Colômbia: Um vizinho distante, pela barreira amazônica, mas que também é um escoadouro pouco controlado na conversão do Brasil a grande exportador e consumidor de cocaína. As relações bilaterais estiveram aquém das possibilidades, justamente devido a esses fatores e parece pouco provável que a situação se altere significativamente nos próximos anos. O petróleo é uma nova interface no perfil externo de cada um deles, mas por razões próprias a cada um, não por qualquer convergência de políticas ou de projetos.
Venezuela: Só se tornou um vizinho mais relevante sob o chavismo e o lulismo, nem sempre por razões isentas de cálculos políticos e diplomáticos nas duas lideranças. Mas, a Venezuela se tornou um problema para si mesma e para a região, Brasil inclusive, dadas as políticas desastrosas do chavismo nos últimos 20 anos e continua sendo. Brasil parece dispor de uma falta de visão e de ausência de políticas para lidar com esse fenômeno destruidor de equilíbrios internos e externos, dada a exportação de emigrantes e ameaças à estabilidade dos vizinhos, Guiana e Colômbia.
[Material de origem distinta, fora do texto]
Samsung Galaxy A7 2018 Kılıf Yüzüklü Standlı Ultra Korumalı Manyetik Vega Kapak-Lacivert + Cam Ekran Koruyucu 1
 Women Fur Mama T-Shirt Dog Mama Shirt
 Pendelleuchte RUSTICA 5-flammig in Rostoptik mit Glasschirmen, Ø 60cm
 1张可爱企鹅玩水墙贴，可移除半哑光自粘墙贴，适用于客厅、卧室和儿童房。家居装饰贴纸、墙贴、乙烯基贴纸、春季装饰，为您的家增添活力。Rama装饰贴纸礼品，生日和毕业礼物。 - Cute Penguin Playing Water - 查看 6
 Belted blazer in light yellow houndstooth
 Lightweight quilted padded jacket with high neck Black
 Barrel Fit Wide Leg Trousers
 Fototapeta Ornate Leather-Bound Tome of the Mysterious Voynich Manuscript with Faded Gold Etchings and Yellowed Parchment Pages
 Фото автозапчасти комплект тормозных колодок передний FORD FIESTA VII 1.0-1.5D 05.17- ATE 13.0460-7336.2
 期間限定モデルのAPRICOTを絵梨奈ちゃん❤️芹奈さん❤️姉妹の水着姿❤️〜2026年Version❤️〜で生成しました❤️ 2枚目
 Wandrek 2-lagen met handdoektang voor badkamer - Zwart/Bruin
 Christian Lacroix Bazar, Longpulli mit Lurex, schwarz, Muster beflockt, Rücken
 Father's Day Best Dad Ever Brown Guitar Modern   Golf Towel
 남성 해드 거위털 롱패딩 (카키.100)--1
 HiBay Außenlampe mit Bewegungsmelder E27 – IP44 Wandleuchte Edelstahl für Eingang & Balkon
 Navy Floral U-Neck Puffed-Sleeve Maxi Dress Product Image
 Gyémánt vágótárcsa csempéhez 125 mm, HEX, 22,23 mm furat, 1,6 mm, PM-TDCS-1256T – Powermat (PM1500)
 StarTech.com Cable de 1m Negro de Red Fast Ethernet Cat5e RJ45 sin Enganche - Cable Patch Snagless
Peru: A barreira amazônica também limitou a possibilidade de maior expansão e aprofundamento das relações bilaterais, como também a descontinuidade de grandes projetos integracionistas (IIRSA, Unasul, CAF-Banco de Desenvolvimento e outros). A OTCA poderia ser um foco de projetos mais consistentes, mas ainda não possui capacidade para sê-lo, a despeito das possibilidades.
México: O grande competidor pela liderança política e diplomática na AL, e também no ranking econômico na região. As geografias econômicas empurram os dois países para objetivos e direções diferentes, a despeito dessa vaga identidade latino-americana.
Equador: Pouca expressão nas relações bilaterais, mas acolhimento de negócios do Brasil na construção. Foi, durante os tempos áureos do chavismo e dos petrodólares venezuelanos, um aliado da causa bolivariana, tendo acolhido não só a sede da Unasul, como do Conselho de Defesa Sul-Americana, mas tornou-se um elo preocupante na cadeia da criminalidade latino-americana ligada ao comércio de cocaína. O Brasil poderia ser o organizador de uma ação internacional para combate à criminalidade regional, mas não se pode prever que o será, pois isso implica cooperação ampliada com americanos e europeus, os principais consumidores e atores do lado da demanda.
América Central e Caribe: Pouca expressão em nossas relações bilaterais ou regionais, a não ser por motivos tópicos e conjunturais – Haiti, Honduras – e sempre com a presença sobressalente dos EUA, ator de relevo durante toda a história contemporânea desses países.
Estados Unidos: Incontornável personagem da história de cada um desses países e presença inevitável nas suas relações externas, mas na parte norte da região, do que no Cone Sul, também cabe contar com eles na nossa diplomacia regional, por vezes de maneira convergente, em outras vezes com divergência de visões e de propósitos: no campo das prescrições de políticas econômicas, por exemplo, ou no enfrentamento aos problemas mais prementes, alguns deles criados ou alimentados pelo Grande Irmão (na Guerra Fria, por exemplo, como o estímulo a governos de direita, mesmo ditaduras militares, ou no atual “guerra” contra as drogas e a criminalidade transfronteiriça).
Paulo Roberto de Almeida
Brasília- São Paulo, 4563, 15-17 janeiro 2024, 4 p.